I admit I’m a badly behaving patient. What I mean by badly behaving is that I hate being hospitalised. When my Crohn’s disease plays up to the extent that I need strict medical attention to help control it, attached to IVs and in immense pain, I constantly beg to be discharged. I am so persistent that when my specialist arrives to check up on me often his first words have been “you’re not going home today so don’t bother asking”.
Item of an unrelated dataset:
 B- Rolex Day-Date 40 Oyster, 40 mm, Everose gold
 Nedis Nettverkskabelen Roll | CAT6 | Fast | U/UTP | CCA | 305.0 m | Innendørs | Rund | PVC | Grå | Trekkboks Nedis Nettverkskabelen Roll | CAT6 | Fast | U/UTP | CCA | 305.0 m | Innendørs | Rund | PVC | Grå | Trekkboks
I have been very fortunate with my healthcare and to be in the hands of a very competent medical professional (who’s now retired). He was a specialist gastroenterologist and surgeon at the top in his field. He had access to six beds at all times for his patients. These six beds were in diverse wards, depending on availability. Twice my bed was in the children’s ward and once in a ward where all the other occupants were anorexic. I was even once placed in the psych ward, assured I was being administered for my physical ailments and not for my mental health. Obviously, I was slightly alarmed when placed there. Being in various wards resulted in some interesting room companions.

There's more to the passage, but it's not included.